We investigated how BAD1, an adhesin and virulence factor of Blastomyces dermatitidis, suppresses phagocyte proinflammatory responses. Wild-type yeast cocultured with murine neutrophils or macrophages prompted release of a soluble factor into conditioned supernatant that abolished TNF-alpha production in response to the fungus; isogenic, attenuated BAD1 knockout yeast did not have this effect. Phagocytes released 4- to 5-fold more TGF-beta in vitro in response to wild-type yeast vs BAD1 knockout yeast. Treatment of inhibitory, conditioned supernatant with anti-TGF-beta mAb neutralized detectable TGF-beta and restored phagocyte TNF-alpha production. Similarly, addition of anti-TGF-beta mAb into cultures of phagocytes and wild-type yeast reversed BAD1 inhibition of TNF-alpha production. Conversely, TGF-beta treatment of phagocytes cultured with knockout yeast suppressed TNF-alpha production. Hence, TGF-beta mediates BAD1 suppression of TNF-alpha by wild-type B. dermatitidis cultured in vitro with phagocytes. In contrast to these findings, neutralization of elevated TGF-beta levels during experimental pulmonary blastomycosis did not restore BAD1-suppressed TNF-alpha levels in the lung or ameliorate disease. Soluble BAD1 was found to accumulate in the alveoli of infected mice at levels that suppressed TNF-alpha production by phagocytes. However, in contrast to yeast cell surface BAD1, which induced TGF-beta, soluble BAD1 failed to do so and TNF-alpha suppression mediated by soluble BAD1 was unaffected by neutralization of TGF-beta. Thus, BAD1 of B. dermatitidis induces suppression of TNF-alpha and progressive infection by both TGF-beta-dependent and -independent mechanisms.

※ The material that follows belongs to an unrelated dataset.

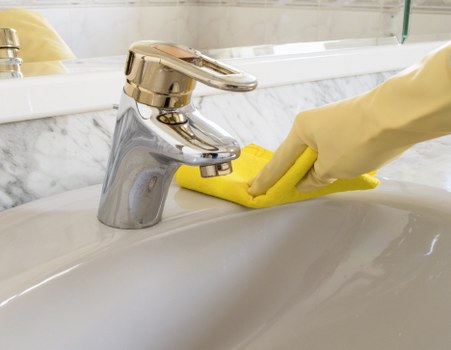 Professional cleaning of a period building facade in Belgravia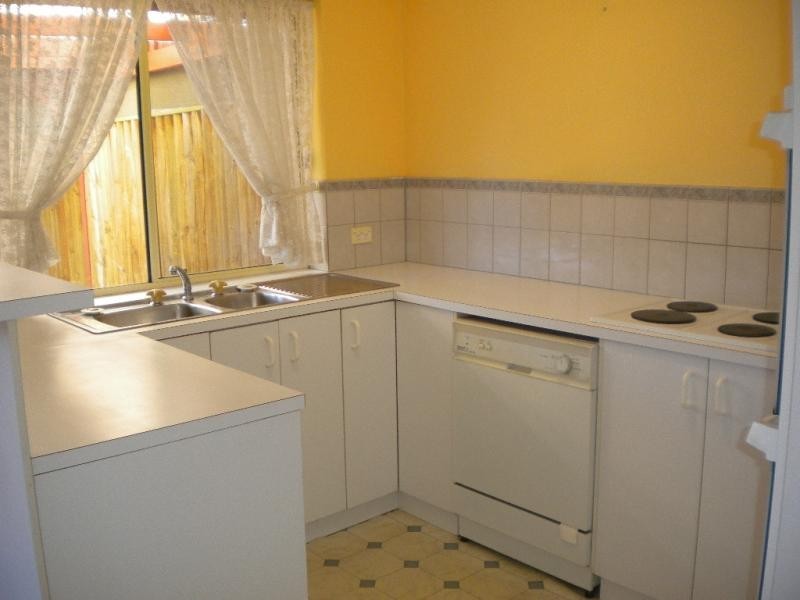 6/19 Pepper Tree Grove, Oaklands Park SA 5046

A C-terminal EGF-like domain governs BAD1 localization to the yeast surface and fungal adherence to phagocytes, but is dispensable in immune modulation and pathogenicity of Blastomyces dermatitidis.

BAD1, an adhesin and immune modulator of Blastomyces dermatitidis, is an essential virulence factor that is released extracellularly before association with the yeast surface. Here, deletion of the C-terminal EGF-like domain profoundly affected BAD1 function, leading to non-association with yeast, extracellular accumulation and impaired yeast adherence to macrophages. In equilibrium binding assays, DeltaC-term BAD1, lacking an EGF-like domain, bound poorly to BAD1 null yeast, yielding a low affinity (Kd, 3 x 10(-7) M versus 5 x 10(-8) M) and Bmax (1.9 x 10(5) versus 7.9 x 10(5)) compared with BAD1. Similar protein binding profiles were observed using chitin particles, reinforcing the notion that chitin fibrils are a receptor for BAD1, and that the EGF-like domain is critical for BAD1 interactions with chitin on yeast. DeltaC-term strains bound poorly to macrophages, compared with parental or BAD1-reconstituted null strains. However, DeltaC-term strains and the purified protein itself sharply suppressed tumour necrosis factor (TNF)-alpha release by phagocytes in vitro and in lung in vivo, and the strains retained pathogenicity in a murine model of blastomycosis. Our results illustrate the previously undefined role of the EGF-like domain for BAD1 localization to yeast surfaces during cell wall biogenesis. They also demonstrate that the requirements for host cell binding and immune modulation by BAD1 can be dissociated from one another, and that the former is unexpectedly dispensable in the requisite role of BAD1 in pathogenesis.